Direct observations of the collapse in lateral scale and subsequent propagation of a near-inertial wave in a dipole vortex

Leif N Thomas, Stanford University, Stanford, CA, United States, Luc Rainville, University of Washington, Seattle, WA, United States, Craig Lee, Univ Washington, Seattle, WA, United States, Olivier Asselin, Scripps Institution of Oceanography, UC San Diego, United States, William R Young, University of California, La Jolla, CA, United States and James B Girton, Applied Physics Laboratory, University of Washington, Seattle, WA, United States
Abstract:
Generated at large lateral scales set by the wind's footprint on the ocean, near-inertial waves (NIWs) are inherently inefficient at radiating energy down to the abyss without a shift to smaller wavelengths. The lateral scales of NIWs can be reduced by gradients in the Coriolis parameter, f, or the vertical vorticity of the balanced flow through the beta-effect and refraction, respectively. While the beta-effect has been observed, no direct observational evidence of refraction has been reported in the literature. This is in spite of the fact that gradients in vorticity are typically much larger than beta, suggesting that refraction should be prevalent.
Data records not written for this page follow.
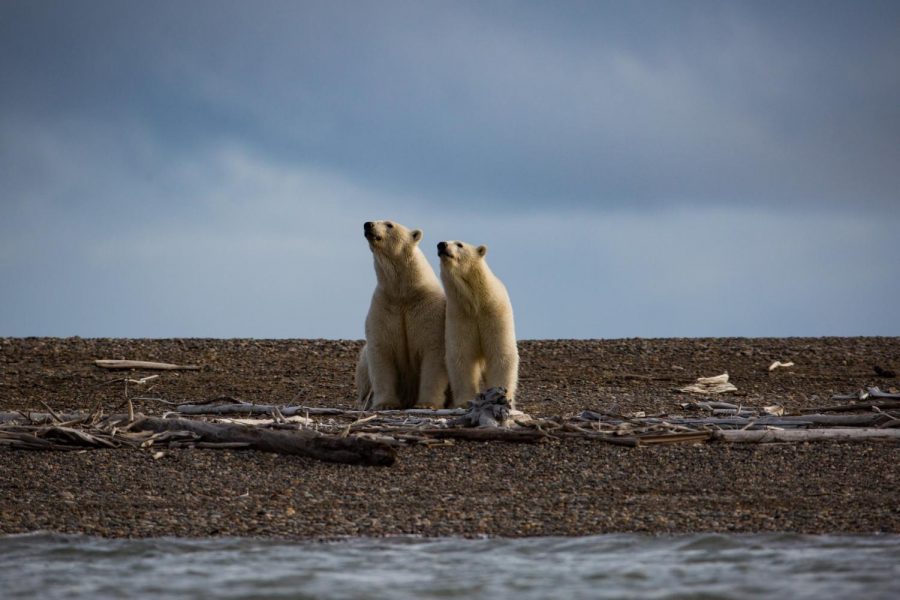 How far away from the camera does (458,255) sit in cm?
1038

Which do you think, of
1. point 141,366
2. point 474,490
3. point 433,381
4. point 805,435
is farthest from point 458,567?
point 141,366

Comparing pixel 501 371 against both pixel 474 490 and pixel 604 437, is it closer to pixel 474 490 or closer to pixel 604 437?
pixel 604 437

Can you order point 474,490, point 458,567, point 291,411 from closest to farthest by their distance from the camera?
point 458,567
point 474,490
point 291,411

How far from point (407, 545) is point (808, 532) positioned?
2.21 metres

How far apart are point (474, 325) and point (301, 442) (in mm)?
2710

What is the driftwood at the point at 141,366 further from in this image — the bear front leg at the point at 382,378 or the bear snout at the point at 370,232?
the bear snout at the point at 370,232

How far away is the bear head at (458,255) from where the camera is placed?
10.3m

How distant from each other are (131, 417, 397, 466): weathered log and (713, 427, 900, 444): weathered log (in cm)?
271

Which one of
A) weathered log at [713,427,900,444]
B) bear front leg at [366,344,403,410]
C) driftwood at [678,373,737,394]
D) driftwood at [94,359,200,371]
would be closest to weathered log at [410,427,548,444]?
weathered log at [713,427,900,444]

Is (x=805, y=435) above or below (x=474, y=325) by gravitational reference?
below

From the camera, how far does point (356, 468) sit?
26.3ft

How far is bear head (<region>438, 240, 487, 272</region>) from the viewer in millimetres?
10305

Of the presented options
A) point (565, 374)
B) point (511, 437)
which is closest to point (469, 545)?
point (511, 437)

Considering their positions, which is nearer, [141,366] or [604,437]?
[604,437] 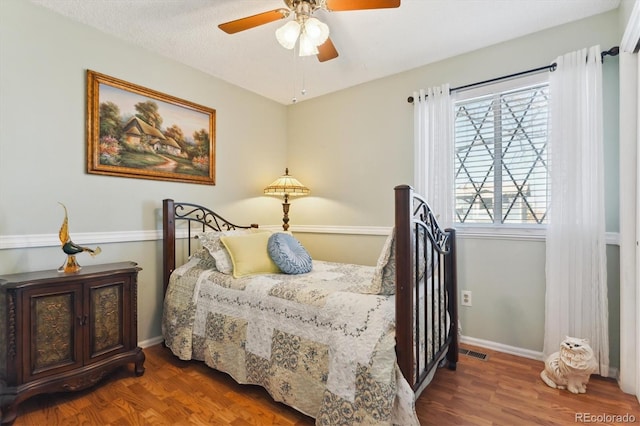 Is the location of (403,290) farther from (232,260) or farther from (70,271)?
(70,271)

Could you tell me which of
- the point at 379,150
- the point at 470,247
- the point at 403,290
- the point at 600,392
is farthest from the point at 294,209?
the point at 600,392

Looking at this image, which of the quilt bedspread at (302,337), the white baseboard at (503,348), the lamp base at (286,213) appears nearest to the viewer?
the quilt bedspread at (302,337)

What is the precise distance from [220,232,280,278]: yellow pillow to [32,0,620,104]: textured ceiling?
157 cm

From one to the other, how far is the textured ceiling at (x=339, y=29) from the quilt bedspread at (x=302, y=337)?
1.80 metres

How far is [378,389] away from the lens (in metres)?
1.39

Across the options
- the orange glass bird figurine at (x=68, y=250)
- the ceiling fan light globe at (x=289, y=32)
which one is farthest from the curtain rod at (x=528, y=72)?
the orange glass bird figurine at (x=68, y=250)

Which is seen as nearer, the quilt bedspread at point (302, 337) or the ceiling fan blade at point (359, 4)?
the quilt bedspread at point (302, 337)

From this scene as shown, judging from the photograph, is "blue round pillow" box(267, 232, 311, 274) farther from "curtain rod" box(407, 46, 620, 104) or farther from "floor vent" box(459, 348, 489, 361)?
"curtain rod" box(407, 46, 620, 104)

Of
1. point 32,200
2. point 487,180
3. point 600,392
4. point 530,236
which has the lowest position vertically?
point 600,392

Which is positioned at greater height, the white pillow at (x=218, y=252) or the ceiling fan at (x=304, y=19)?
the ceiling fan at (x=304, y=19)

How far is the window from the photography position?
242cm

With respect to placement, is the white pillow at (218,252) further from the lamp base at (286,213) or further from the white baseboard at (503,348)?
the white baseboard at (503,348)

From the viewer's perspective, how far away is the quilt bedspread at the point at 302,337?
56.1 inches

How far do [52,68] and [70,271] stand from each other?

Here we present observations from surveys from a cruise in the Icelandic Basin made as part of the Near-Inertial Shear and Kinetic Energy in the North Atlantic experiment (NISKINe) that show, for the first time, direct evidence of refraction. The surveys targeted the axial jet of a dipole vortex where the gradient in vorticity was ~100 times larger than beta and the horizontal strain was confluent. The surveys were made after the passage of an atmospheric front which accelerated a NIW in the upper 50 m. By rapidly sampling the velocity on either side of the jet, lateral differences in NIW phase could be estimated. NIW phase decreased more quickly on the cyclonic side of the jet, generating a lateral wavelength that shrank with time at a rate consistent with refraction, reaching ~30 km in 5 inertial periods. Shortly thereafter, a NIW beam with a ~30 km horizontal and ~300 m vertical wavelength was detected at depth. The beam appeared to radiate NIW energy away from the jet, down and towards the center of the anticyclone, evidencing the formation of an inertial drainpipe (a.k.a. an inertial chimney). Surprisingly, the NIW was not obviously affected by the confluent strain despite its persistence and O(0.1f) strength. Results from a companion theoretical study were used to interpret these findings and will be discussed.